## Problem to solve
Would you transcribe the entries below, beginning at the line with "Un área de estar" and ending after the line with "Aerial view of", exactly, with no picture and nothing more?

## Data to process

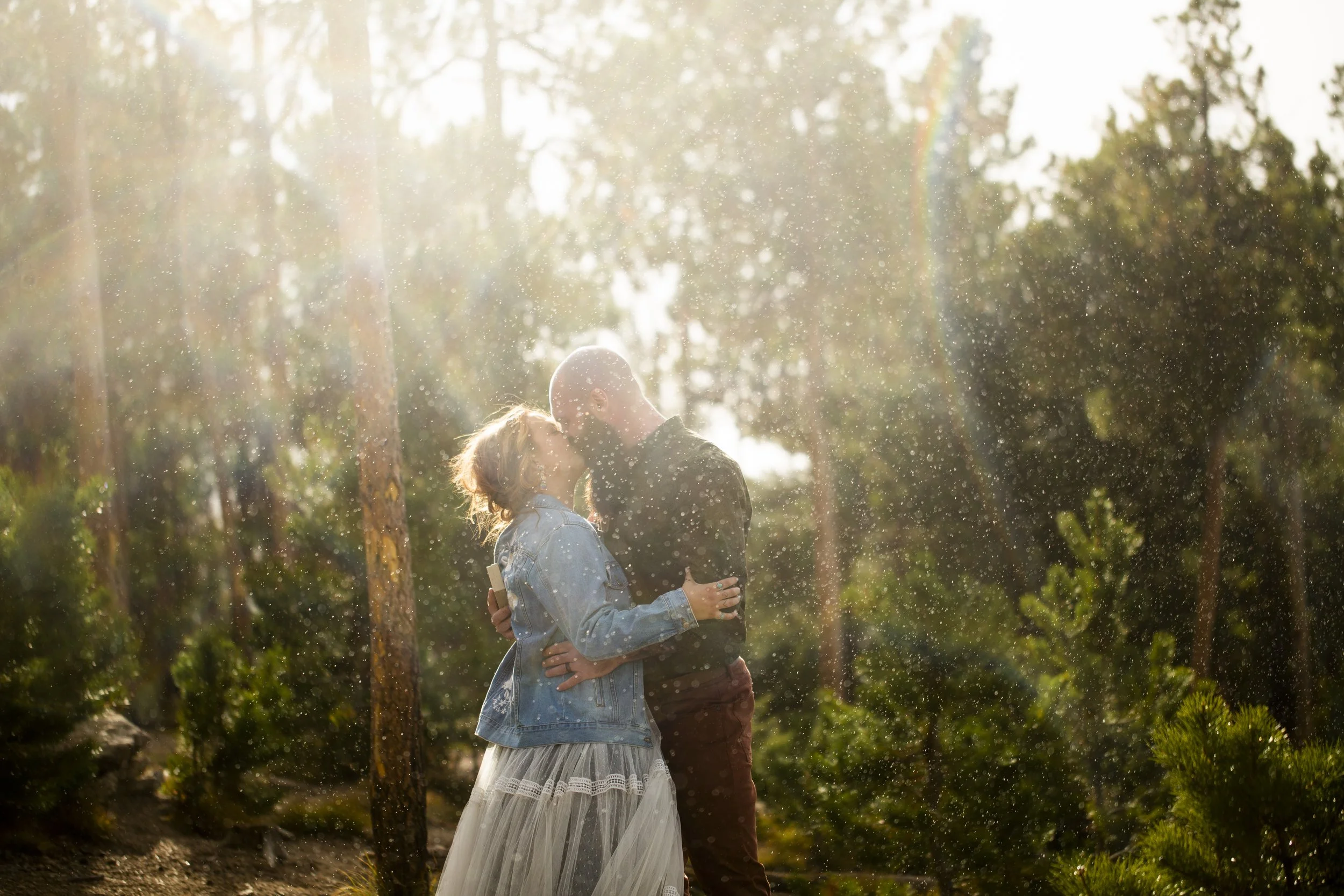 A couple sharing a kiss outdoors in a forest setting with sunlight and water droplets around them.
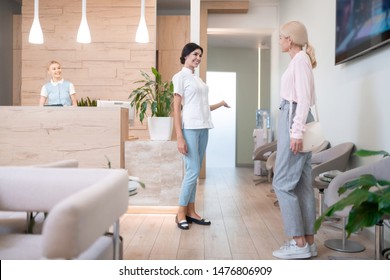 Going Healing Teeth. Smiling Dentist Standing In Front Of Her Patient Pointing At Her Office With The Hand Showing Her Where To Go.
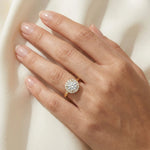 Solitaire round-cut diamond engagement ring with a pavé halo setting in yellow gold, modeled on a hand.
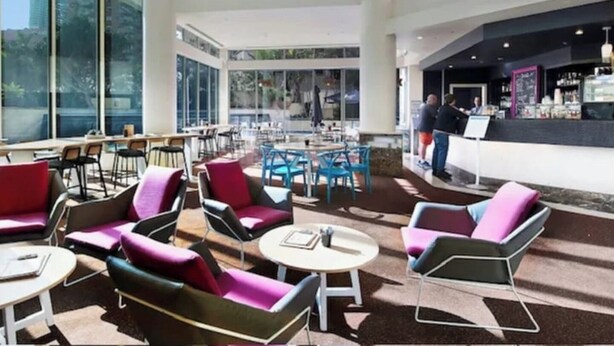 Un área de estar moderna con mesas y sillas, grandes ventanales con vistas a la ciudad y una barra de bar al fondo.
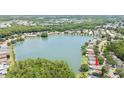 Aerial view of a home with a lake view, surrounded by lush greenery and a neighborhood at 9721 Fredericksburg Rd, Tampa, FL 33635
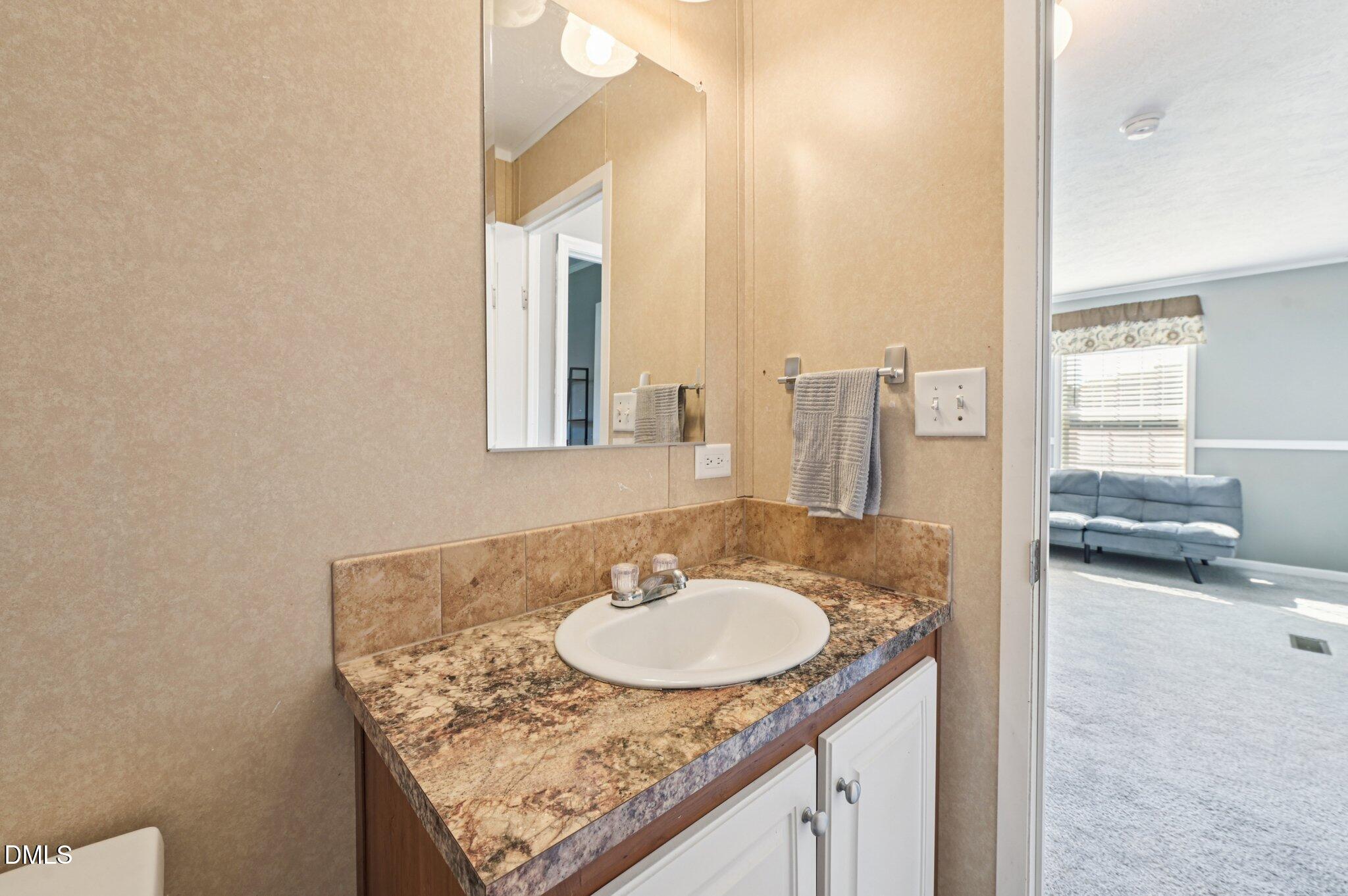 2186 Piney Grove Church Road Kenly, NC 27542 - Photo 22 of 30 a bathroom with a sink and a mirror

## Task result
 Un área de estar moderna con mesas y sillas, grandes ventanales con vistas a la ciudad y una barra de bar al fondo.
 Aerial view of a home with a lake view, surrounded by lush greenery and a neighborhood at 9721 Fredericksburg Rd, Tampa, FL 33635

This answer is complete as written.